There are family or women only days and evenings (water parks, certain malls that tend to be nonwesternized, beaches, etc) but those tend to be on Mondays and Tuesdays from what I have seen. Fridays are usually open for all to to use all malls as many people here only have one day off, and that being Friday. 

Depends on what you like to do. Can check out timeoutabudhabi for things to do.


----------



## 01reysaj38 (May 16, 2011)

Jynxgirl said:


> There are family or women only days and evenings (water parks, certain malls that tend to be nonwesternized, beaches, etc) but those tend to be on Mondays and Tuesdays from what I have seen. Fridays are usually open for all to to use all malls as many people here only have one day off, and that being Friday.
> 
> Depends on what you like to do. Can check out timeoutabudhabi for things to do.

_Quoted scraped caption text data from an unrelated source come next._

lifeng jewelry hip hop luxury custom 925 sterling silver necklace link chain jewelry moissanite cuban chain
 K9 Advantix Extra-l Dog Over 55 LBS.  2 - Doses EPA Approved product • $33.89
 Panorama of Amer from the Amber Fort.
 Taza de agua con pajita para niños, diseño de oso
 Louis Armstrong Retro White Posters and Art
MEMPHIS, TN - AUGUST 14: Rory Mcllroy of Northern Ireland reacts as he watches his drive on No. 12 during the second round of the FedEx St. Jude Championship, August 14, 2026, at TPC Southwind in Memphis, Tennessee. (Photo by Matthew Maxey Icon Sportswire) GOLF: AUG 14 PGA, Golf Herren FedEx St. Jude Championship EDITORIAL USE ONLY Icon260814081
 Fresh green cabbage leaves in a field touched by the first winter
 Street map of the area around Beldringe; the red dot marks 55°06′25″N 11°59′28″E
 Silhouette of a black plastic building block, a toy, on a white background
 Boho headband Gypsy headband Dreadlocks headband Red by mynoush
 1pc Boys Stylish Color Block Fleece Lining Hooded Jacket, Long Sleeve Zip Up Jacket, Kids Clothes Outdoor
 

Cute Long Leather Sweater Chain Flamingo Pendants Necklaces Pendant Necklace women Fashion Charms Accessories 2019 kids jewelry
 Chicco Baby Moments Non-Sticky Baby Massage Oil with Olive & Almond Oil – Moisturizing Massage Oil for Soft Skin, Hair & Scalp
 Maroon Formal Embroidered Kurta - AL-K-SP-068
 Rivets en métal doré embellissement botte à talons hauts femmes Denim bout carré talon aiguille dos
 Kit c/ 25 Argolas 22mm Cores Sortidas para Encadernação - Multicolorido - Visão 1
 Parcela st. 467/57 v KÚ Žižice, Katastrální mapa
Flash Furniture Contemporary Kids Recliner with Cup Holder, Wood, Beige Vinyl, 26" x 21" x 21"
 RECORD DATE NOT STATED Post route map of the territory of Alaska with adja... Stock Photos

thank you for the information. 

opppss last week when i check this same post and it was like someone consider this as spam. it really disappoint me. i really don't like that idea.


----------



## Jynxgirl (Nov 27, 2009)

Not that this post was spam, but that mohid had responded with a comment that was spam. 

Sometimes just takes the forum a little while to respond on the uae forum. If you have questions, sometimes the dubai thread will answer faster if you post there. Many people do the commute or just look over there as this subforum is a bit slow.


----------